Desde que perdeu o Parlamento, Maduro fixou sua trincheira no Poder Judiciário, que anulou todas as decisões da Assembleia alegando desacato dos deputados.
Exatamente as decisões do Tribunal Supremo de Justiça de assumir as funções do Parlamento e retirar a imunidade dos deputados deflagraram a atual onda de protestos contra o "golpe de Estado".
As duas decisões foram anuladas parcialmente.
Com a Constituinte, o Legislativo ficaria ainda mais de mãos amarradas, pois a Constituição assinala que nenhum poder público pode impedir as decisões da Constituinte, a estar subordinado a este suprapoder.

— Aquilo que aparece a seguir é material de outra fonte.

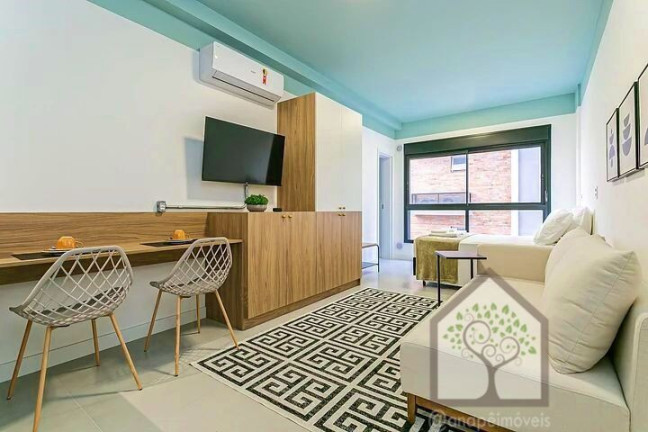 Imóvel com 1 Quarto à Venda, 30 m² em Pantanal - Florianópolis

Maduro afirma que o objetivo da Constituinte é a "paz" e que sua convocação é uma resposta à "arremetida golpista" da oposição, que se nega a retomar o diálogo para superar a crise.
Vícios
Entre os vícios de ilegalidade, alguns especialistas assinalam que o presidente tem apenas a faculdade de propor a Constituinte, que precisa ser aprovada pelos cidadãos, em referendo. Assim ocorreu com a Constituição de 1999, por iniciativa do finado Hugo Chávez (1999-2013).
O Parlamento poderia, inclusive, "ativar um referendo consultivo" caso o Poder Eleitoral não o faça", advertiu o constitucionalista Juan Carlos Apitz.
Esta situação promete aumentar o conflito, adverte León, estimando que a oposição será obrigada a aumentar a pressão nas ruas e que serão instaurados mecanismos para "controlar a democracia real" com a desculpa da "democracia direta".
Ao firmar o decreto para a Constituinte, Maduro, que defende um "Estado comunal", disse que um de seus objetivos é o estabelecimento de "novas formas de democracia direta".